Private net worth significantly exceeds the value of social security only in the top two deciles of the lifetime income distribution. The metaphor of the “three-legged stool,” in which retirement income security is supported by the three legs of social security, employer-provided pensions, and private wealth accumulation, appears to apply only to households in the top 70 percent of the lifetime income distribution because low-income workers lack employer-provided
I found the following statement difficult to fathom:
Optimal wealth targets are $69,777 for the median household and are $253,631 for the median household in the highest decile of the lifetime income distribution.
Those figures represent the simulation of a life-cycle consumption model for wealth accumulation in addition to Social Security and pension wealth. The figures strike me as ludicrously low. Perhaps part of the answer is that "the mean age of households in our sample is 55.7, so the average household will work many additional years before retiring."
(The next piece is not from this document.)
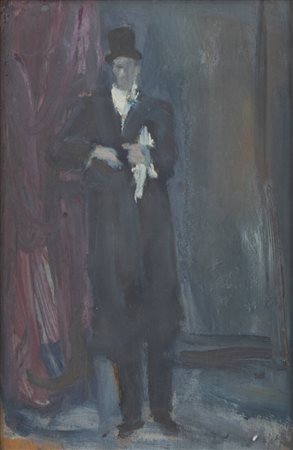 LUIGI SPAZZAPAN<BR>Gradisca d'Isonzo (GO) 1889 - 1958 Torino<BR>"Uomo con cilindro" 1938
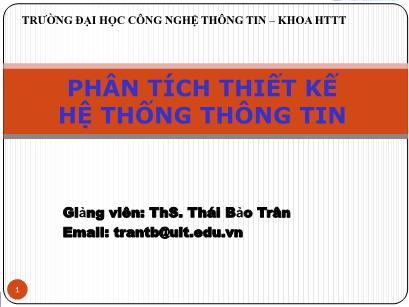 Bài giảng Phân tích thiết kế hệ thống thông tin - Thái Bảo Trân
One exercise I wish that the author had conducted is to look exclusively at households aged 60 and over. It strikes me that in the simulation model, the bar for optimal saving for someone below age 40 may be so low that just about every household steps over it. It's probably the case that only above, say, 50 years of age, are the model's predictions of adequate saving high enough to be interesting.
If 100 percent of households under the age of 56 have met the model's modest targets for wealth accumulation, while only 60 percent of households over the age of 56 have met their targets, that would say suggest a rather different interpretation of the conclusion that 80 percent of all households have met the targets.
UPDATE: For a discussion the Scholz study, go here and click on the event materials in the upper right of the page.
For Discussion. Scholz' data are from 1992. How would changes in asset prices since then affect optimal saving?